Assignment:
Please restate each line of the data that follows word for word, skipping any image.

Information supplied:
..........

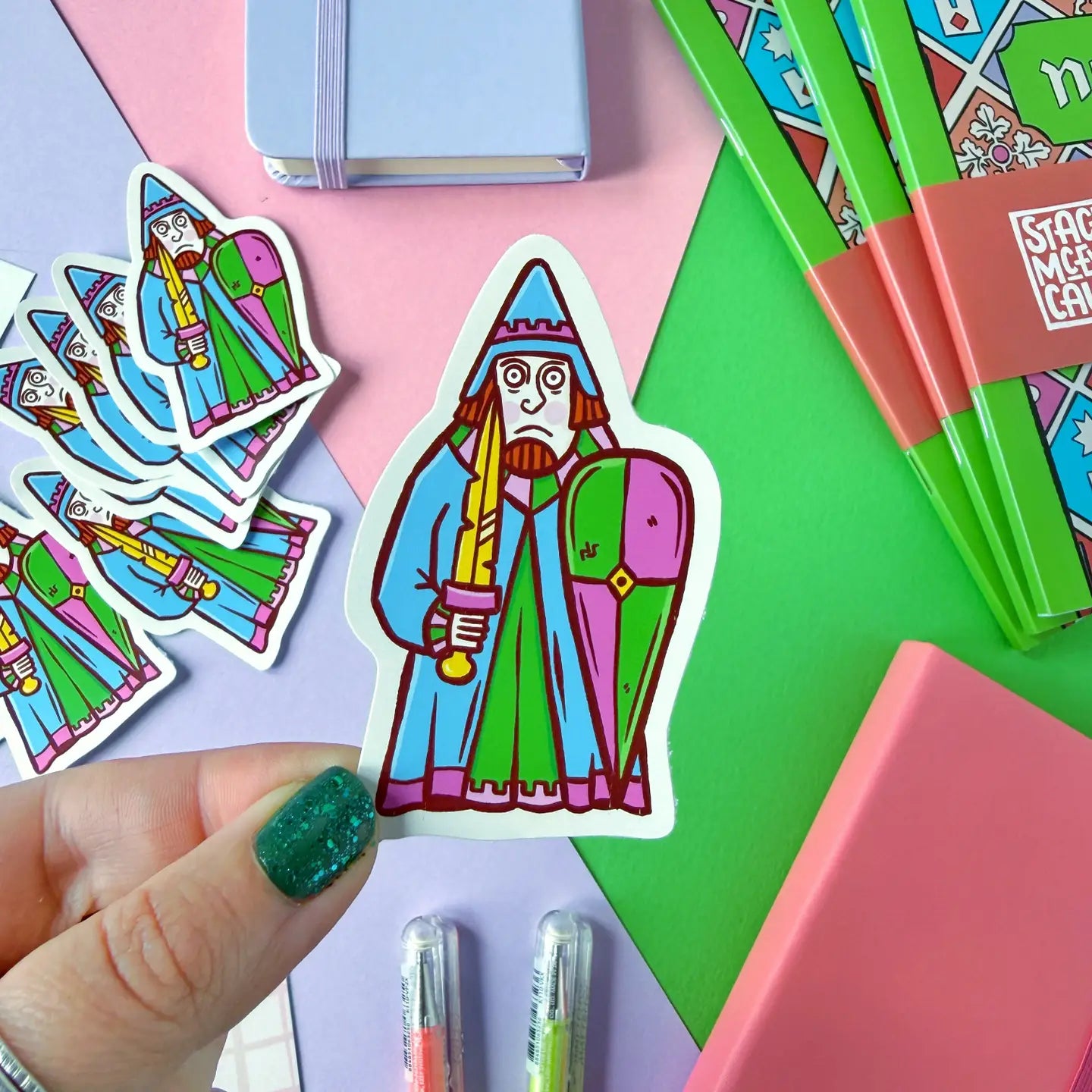 Hand holding a Stacey McEvoy Caunt Medieval Rook Lewis Chessmen sticker with colorful pens and notebooks in the background.
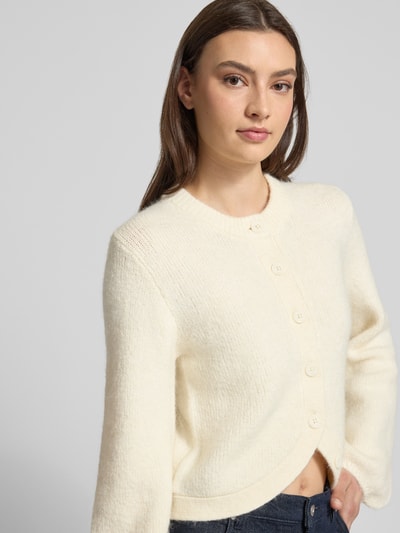 Frauenmodel trägt Strickjacke mit Rundhalsausschnitt Modell 'Ally' von Gina Tricot, cremefarben, softer Alpaka-Materialmix, Nahaufnahme Oberkörper.
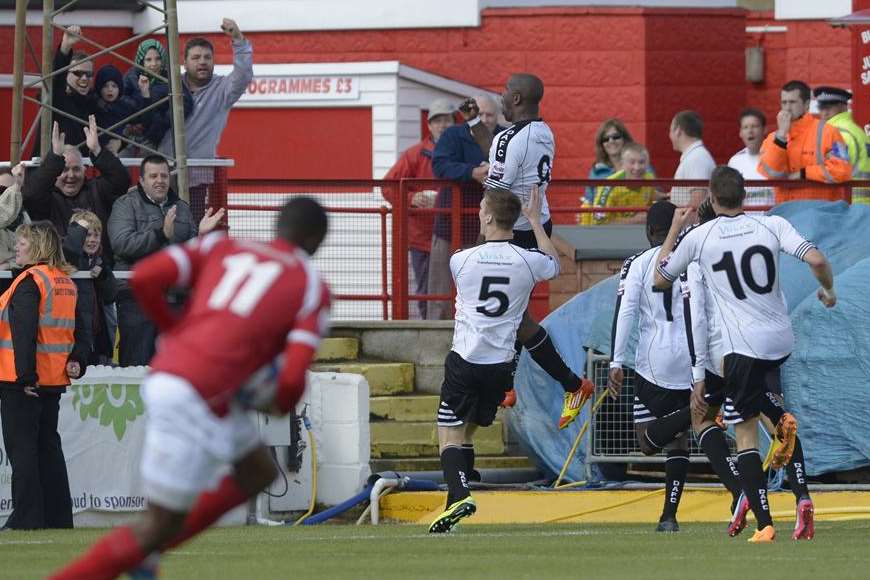Nathan Elder jumps for joy as Dover celebrate the all-important first goal. Picture: Andy Payton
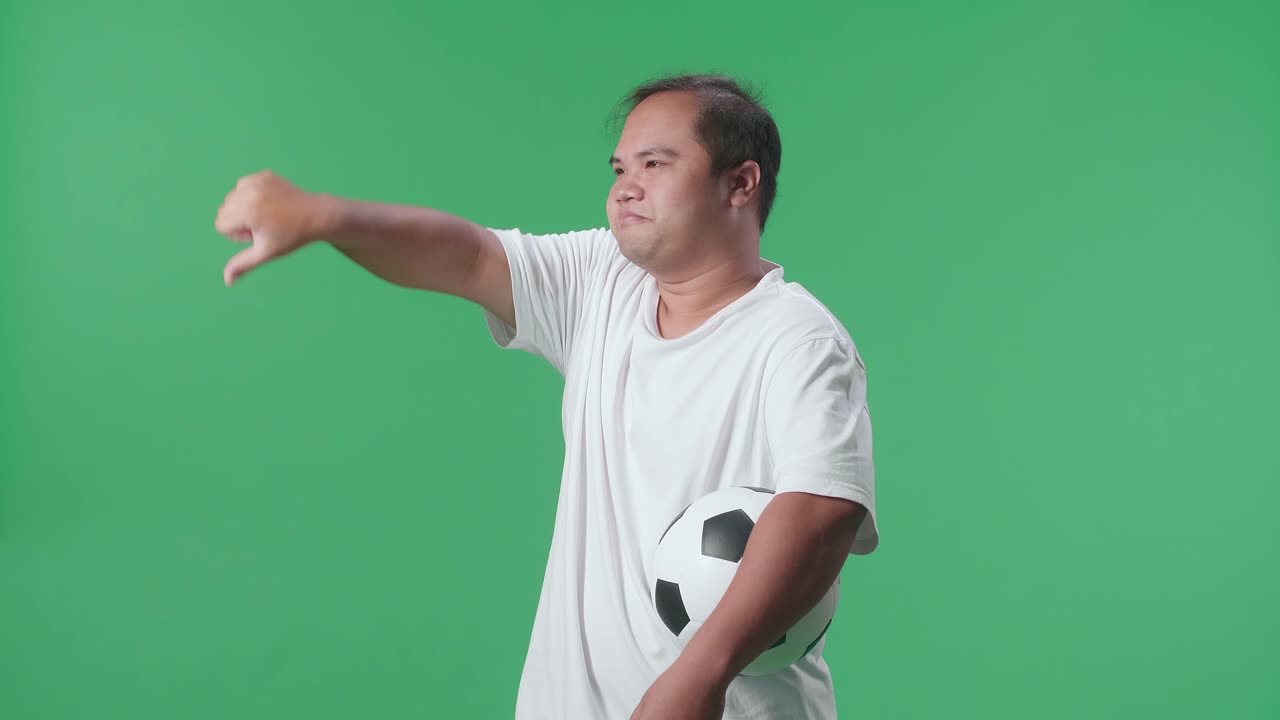 푸른 스크린 배경에서 축구를 응원하는 동안 패자들을 조롱하는 몸짓으로 엄지손가락을 내려놓은 공을 가진 아시아 남자의 측면 시각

..........

Task response:
 Hand holding a Stacey McEvoy Caunt Medieval Rook Lewis Chessmen sticker with colorful pens and notebooks in the background.
 Frauenmodel trägt Strickjacke mit Rundhalsausschnitt Modell 'Ally' von Gina Tricot, cremefarben, softer Alpaka-Materialmix, Nahaufnahme Oberkörper.
Nathan Elder jumps for joy as Dover celebrate the all-important first goal. Picture: Andy Payton
 푸른 스크린 배경에서 축구를 응원하는 동안 패자들을 조롱하는 몸짓으로 엄지손가락을 내려놓은 공을 가진 아시아 남자의 측면 시각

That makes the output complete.